### TASK BRIEF
Below are the entries. Print only the lines starting at the one with "Let the instantaneous voltage" and ending at the one with "Now at this", exactly, with no pictures.
Start of Block
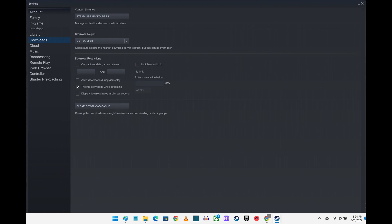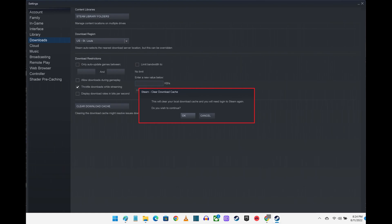Step 4. Click Clear Download Cache on this screen. A Clear Download Cache window pops up, letting you know that moving forward will clear your local download cache, and you will need to log in to Steam again.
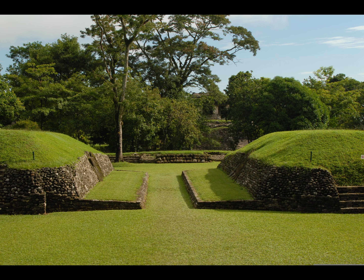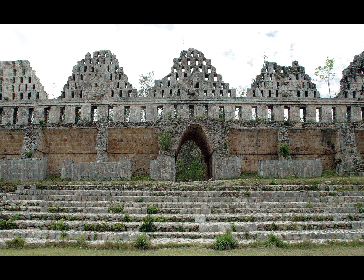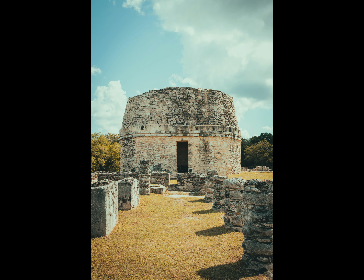Based in general Mesoamerican architectural traditions, the Maya utilized geometric proportions and intricate carving to build everything from simple houses to ornate temples. This article focuses on the more well-known pre-classic and classic examples of Maya architecture.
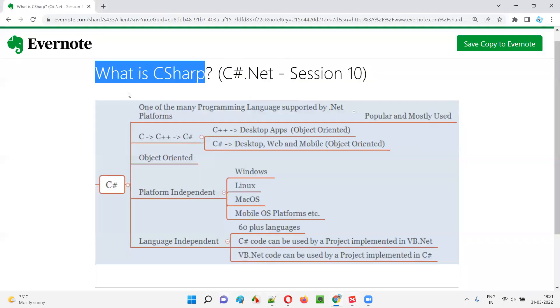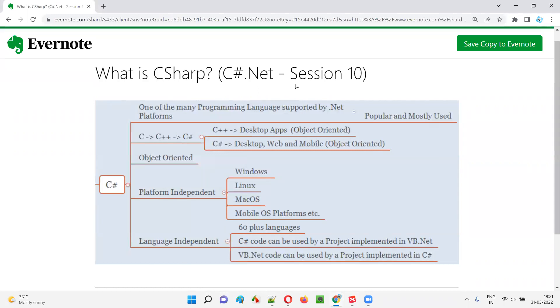So, C# is not only object oriented and platform independent, but also language independent. Hope you understood what exactly C# is in this session. That's all for this session. In the next session, I'm going to explain another topic on C# .NET. Till then, see you, bye-bye.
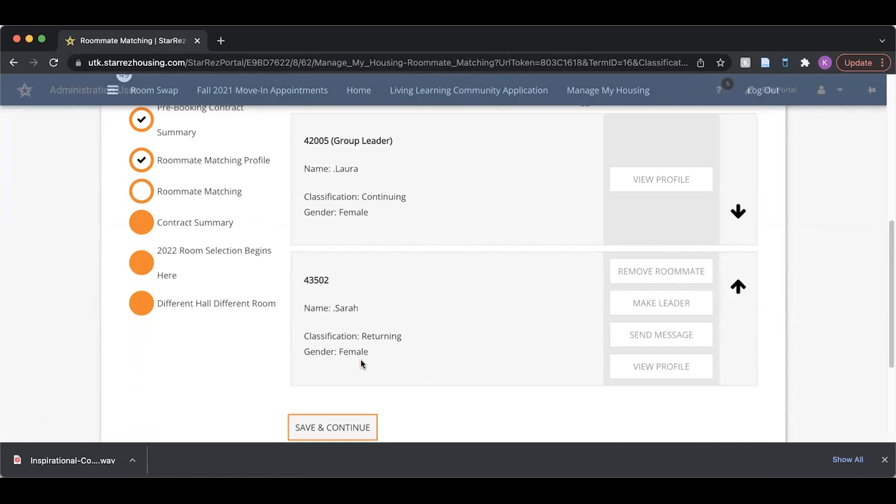Since I am the group leader, I can remove a member from my group if I need to. Only the group leader has this permission.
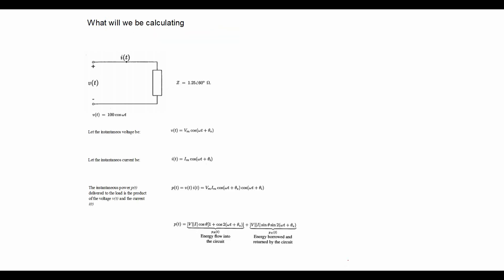Let the instantaneous voltage be equal to Vmax times cos omega t plus theta V and let the instantaneous current be equal to Imax cos omega t plus theta I. And the instantaneous power is simply the product of the two.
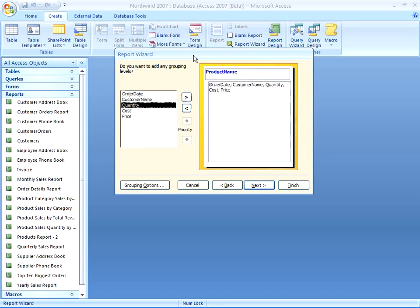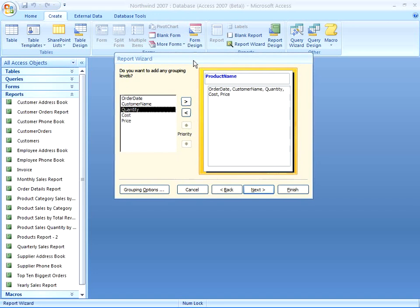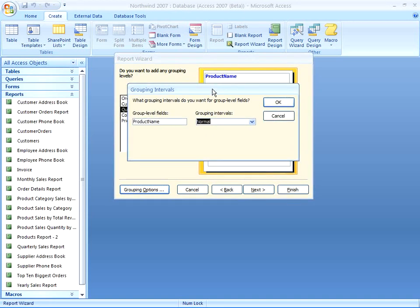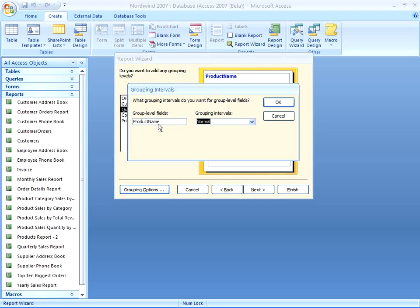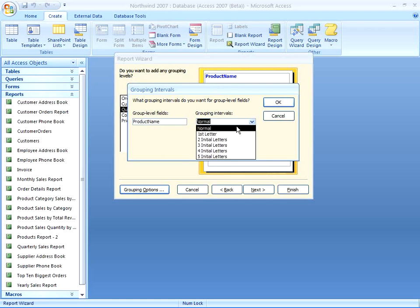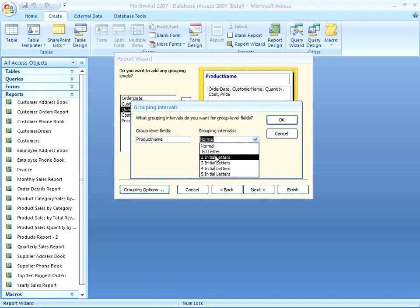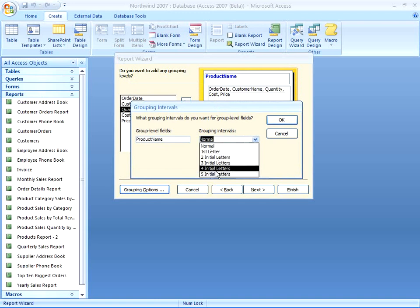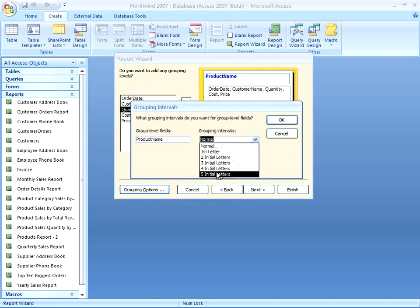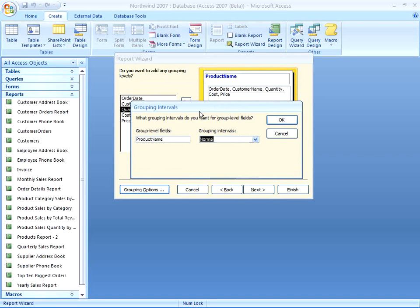Now at this stage in the Report Wizard, you do have an option to go into your grouping options. Here it says Group by Product Name, and I can choose to group normally, or by the entire product name, or by the first letter, second, third, fourth, or the first five initial levels. So these are just some additional grouping options. I'll go ahead and choose Normal to match the entire thing, and click OK.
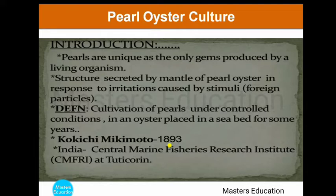In India, the Central Marine Fisheries Research Institute, CMFRI, starting in 1959, resulted in the production of the first cultured pearl on 25th July 1973. Today, India is a world leader in pearl oyster research and development and shares its knowledge and information with other pearl-producing countries.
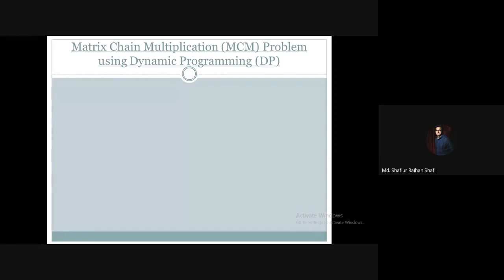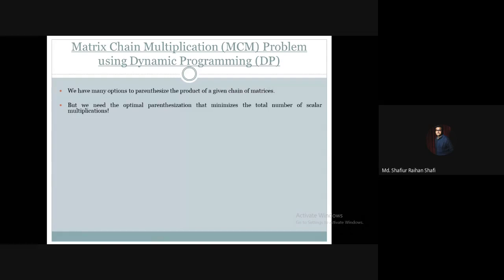Hello, welcome to the advanced algorithm course. In this tutorial, we're going to discuss how we can solve the matrix chain multiplication problem using dynamic programming, and also why we will use dynamic programming paradigms to solve this problem. We have a chain of matrices to parenthesize, and there are many different options available, but our target is to find the optimal parenthesization.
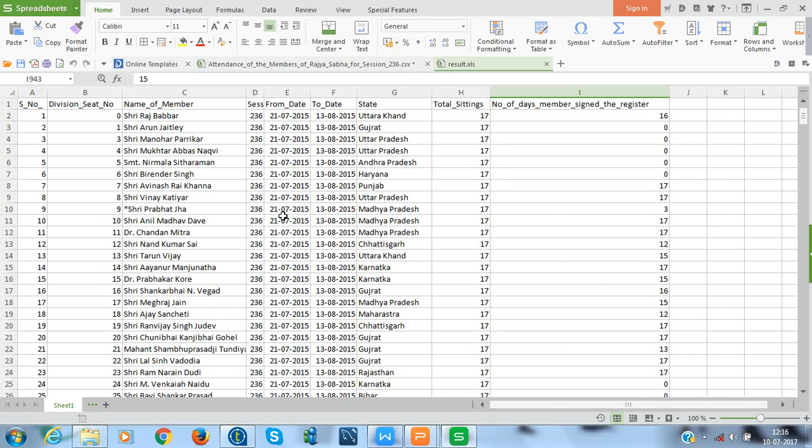So, that's it. We have used tFileList component for combining or to merge the data of the files having same schema and same file mask. Thank you for watching this video.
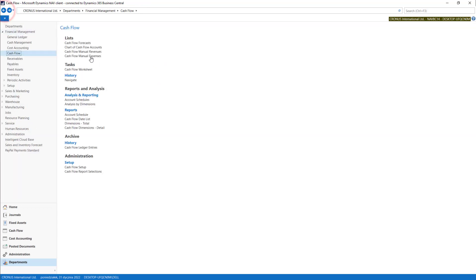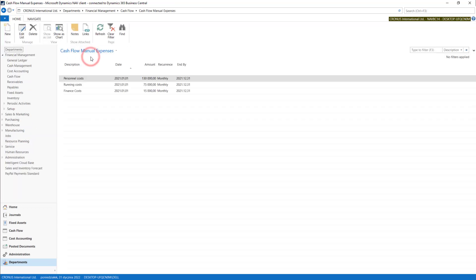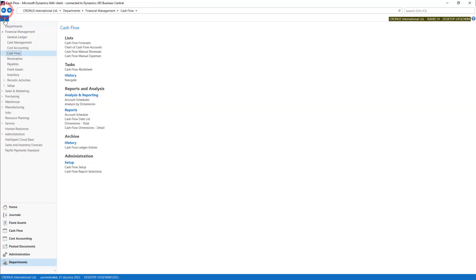The same with Expenses. You can also add some Standard Expenses into our Cash Flow. Here we go.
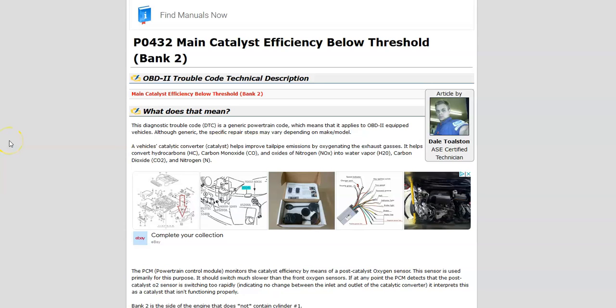Today I'm talking about a Dodge with the P0432 code — what it is and how you go about fixing it. The Dodge P0432 code is a main catalyst efficiency below threshold, Bank 2.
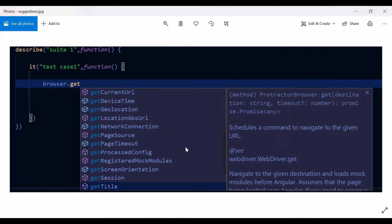I have a screenshot here. When you write 'browser.' - after entering the dot - you should get all these suggestions: 'get', 'getTitle', 'getCurrentUrl', and so on. All these are Protractor commands. They should automatically display and you'll be able to select one of them. This will definitely help you when creating test cases.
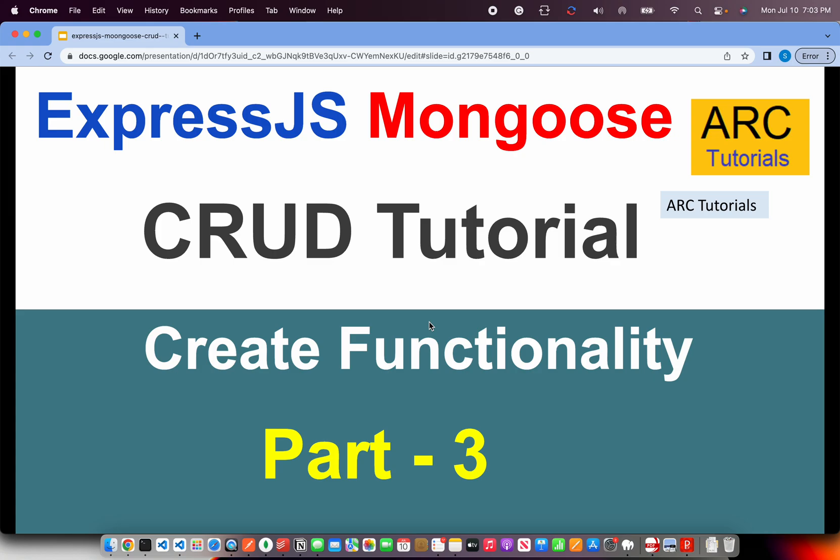Welcome back to ARC Tutorials. This is ExpressJS and Mongoose CRUD tutorial series. This is part three of the series and in today's episode we are going to learn about the create functionality.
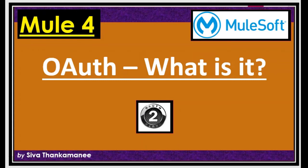Hi friends, welcome back to Mule 4 series of learning videos. I am Sivarthankamani, I'm an integration technical architect.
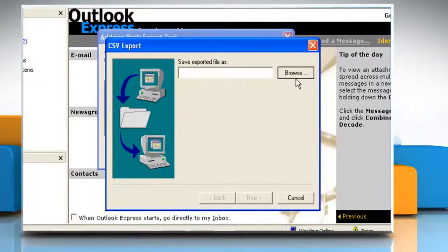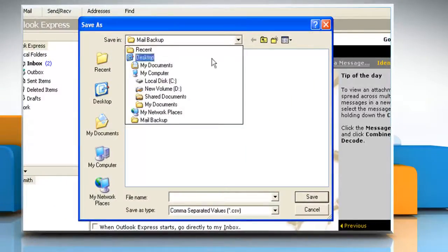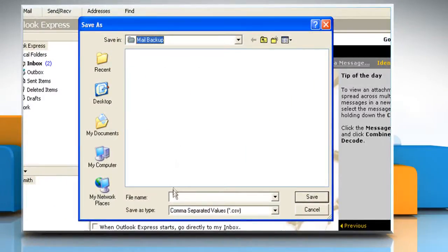Click Browse. Select the mail backup folder that you created. In the file name box, type 'address book backup' and then click Save.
End of Block
### RESPONSE AREA
Let the instantaneous voltage be equal to Vmax times cos omega t plus theta V and let the instantaneous current be equal to Imax cos omega t plus theta I. And the instantaneous power is simply the product of the two.
Now at this stage in the Report Wizard, you do have an option to go into your grouping options. Here it says Group by Product Name, and I can choose to group normally, or by the entire product name, or by the first letter, second, third, fourth, or the first five initial levels. So these are just some additional grouping options. I'll go ahead and choose Normal to match the entire thing, and click OK.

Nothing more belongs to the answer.